Ты знаешь два пути — я знаю третий,
Путь, озаренный пламенем пожаров,
По волоску над бездной — в полусвете
Звезды во мгле и лезвия кинжала…
Ева застыла, не видя того, на что смотрит, не веря тому, что слышит. Забыв, где она, забыв, кто играет и поет за запертыми дверьми.
Забывая саму себя.
Она не знала, насколько точен перевод, обеспеченный переводческой магией. Не знала, что в первую очередь благодарить за этот перевод, сохранявший красоту рифмы и ритма — магию или собственное сознание. Но то, что она слышала, завораживало; и все, что так странно слушалось разобранным на части, соединилось чарующе органичным целым. Резкость созвучий, непривычная прихотливость интонаций, причудливость гармонизации и модуляций — то, что прежде казалось неправильным, теперь слышалось единственно верным. В музыке, переплетенной с пением нерушимой ажурной вязью, далекое мешалось с близким, понятное — с непостижимым, зов — с предупреждением, насмешка — с мольбой, страсть — с печальной отстраненностью прощания; и этот голос, голос ангела за миг до падения…
Так мог бы петь Люцифер, в последний раз оглядывая рай перед изгнанием.

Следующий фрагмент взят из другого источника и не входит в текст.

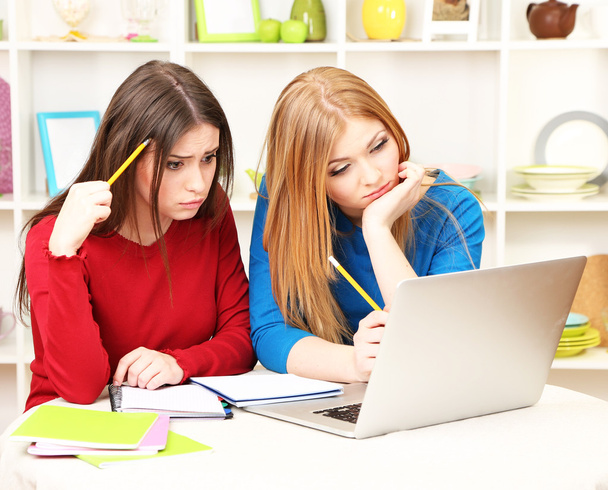 Two girl friends talking and studying in kitchen - Foto, imagen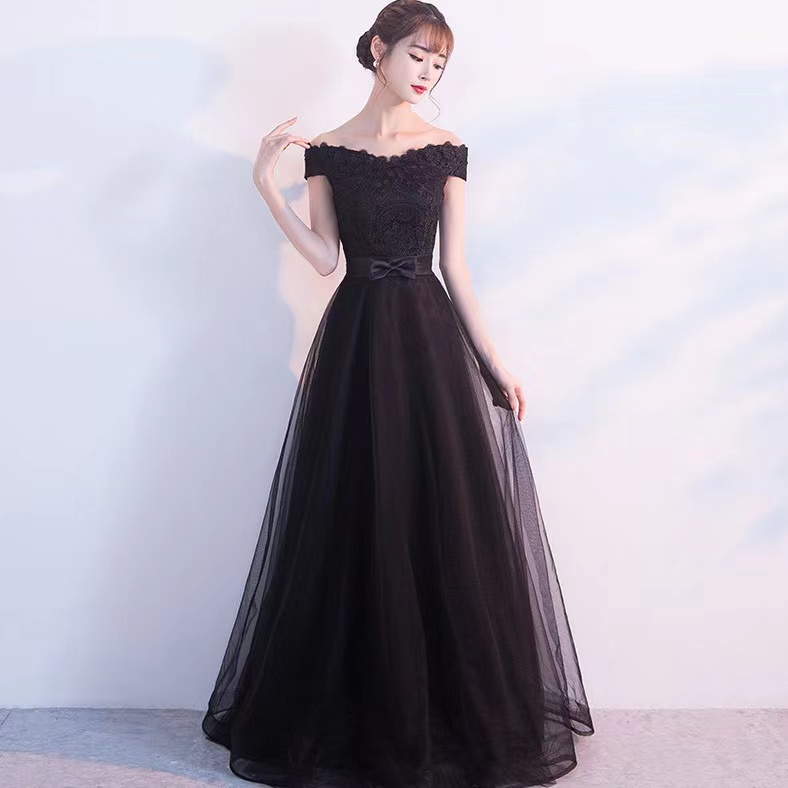 Black evening dress 2022 new slim long banquet evening dress annual meeting performance host dress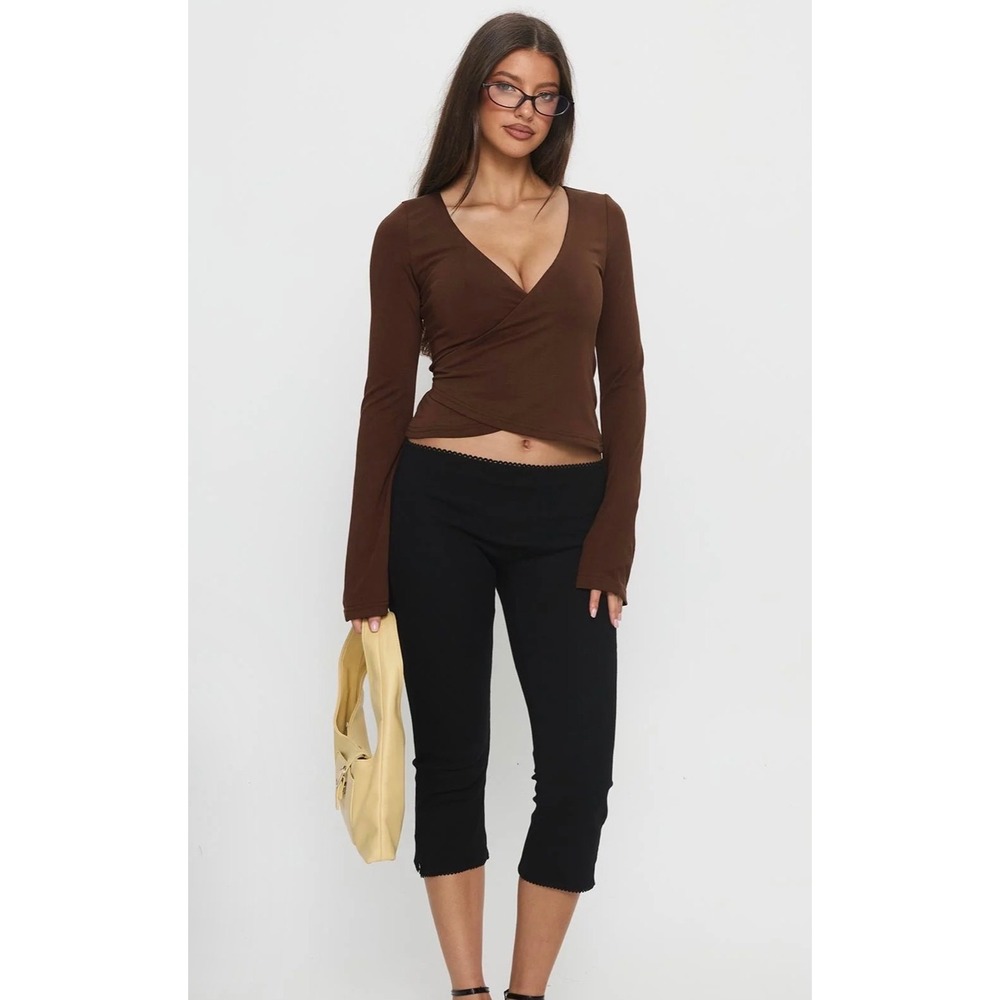Princess Polly‎ Brown Long Sleeve Wrap Top V-Neck Tie Waist Cropped US 10
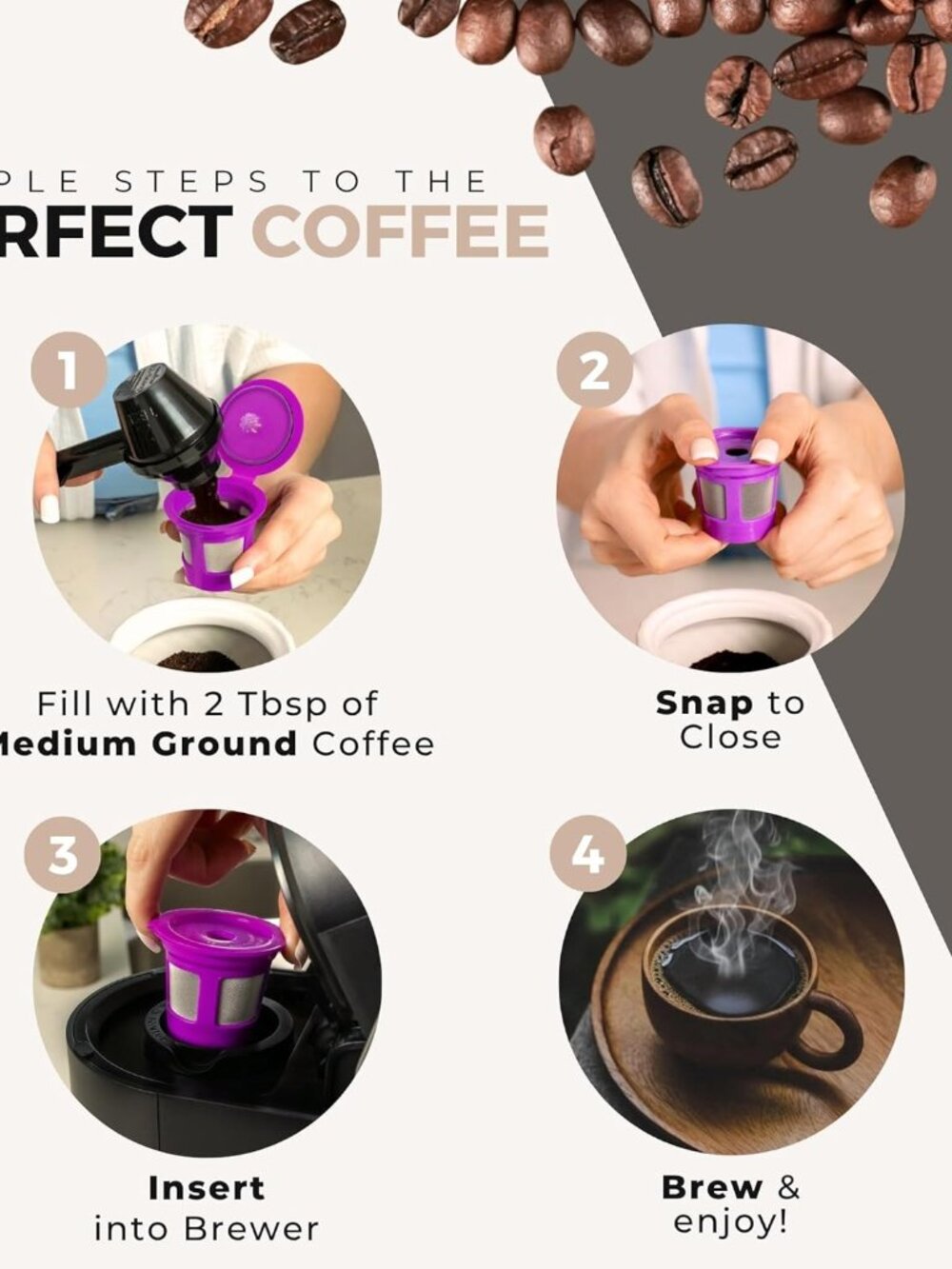 1-Stream Cafe Save Reusable K Cup Pod Coffee Filters - Refillable Coffee Pod Cap - Picture 6 of 9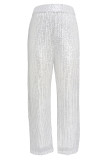 Casual British Style Solid Sequins Loose Low Waist Straight Solid Color Bottoms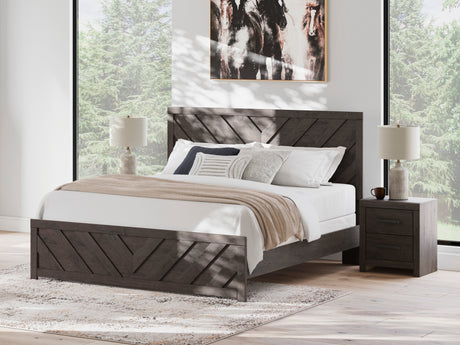 Prendonea Charcoal King Panel Bed from Ashley - Luna Furniture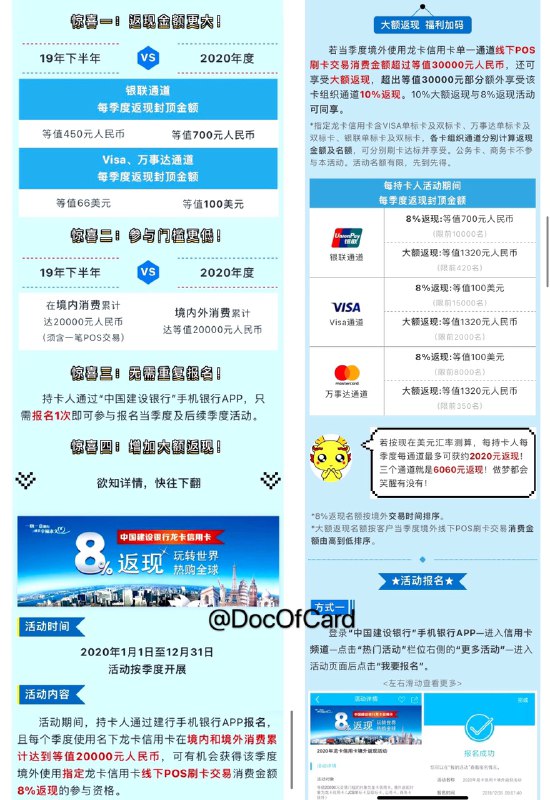 建行境外8%10%返现#建行 • 活动时间：7/1 - 9/30，10/1 - 12/31 • 需要报名，返现有名额限制 • 境内外累计消费20000元 → 8%返现 • 境外单一通道线下消费30000元 →该卡组织10%返现 • 10%大额返现与8%返现活动可同享👉🏿 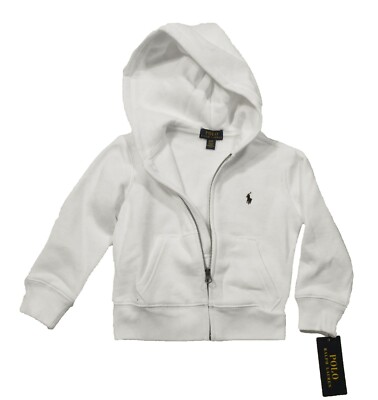 Polo Ralph Lauren Boys White Fleece Lined Full Zip Hoodie | eBay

Мой путь отмечен выжженной травою,
Но я смеюсь — кому по нраву стоны?
Ты не найдешь меня среди героев.
И среди павших. И среди влюбленных.
Я странник Между. Эхо. Сон и пламя.
Танцор на грани вымысла и были.
Но я коснусь — горячими губами,
А не бесстрастным ветерком от крыльев.
Ты не успеешь удержать виденье,
И песню тени — не живым подслушать.
Я появлюсь, как призрак, на мгновенье,
И ускользну, забрав на память душу.
Мелодия от куплета к куплету набирала силу, обрастала шлейфом голосов, вбирала в себя новые регистры и тембры. Одинокое фортепиано звучало так, словно за дверьми пел под властью дирижера целый оркестр — в нем слышалась пронзительная лазурь безмятежности и яростное пламя, рушащее судьбы, черный металл отчаяния и чистое золото невинных мечтаний, звон осколков кровавого стекла, на которых кто-то с улыбкой танцует вальс, и заливистый смех над собственной болью. Оно рассказывало о любви и потерях, о счастье, которого можно коснуться рукой, и вечности, ждущей тебя в конце пути; о непролитых слезах и словах, что не прозвучали, обо всем, что когда-то было тебе бесконечно желанно, и том утраченном, что так хотелось бы вернуть, но чему никогда не суждено сбыться. И в проигрыше Ева, не выдержав, дернула ручку, приоткрывая двери на щелочку: желая убедиться, что это морок, колдовство, попытка задурить ей голову, что в действительность поет волшебный ключ в замочной скважине…
Что угодно. Кто угодно.
Только не человек, которого ей нужно убить.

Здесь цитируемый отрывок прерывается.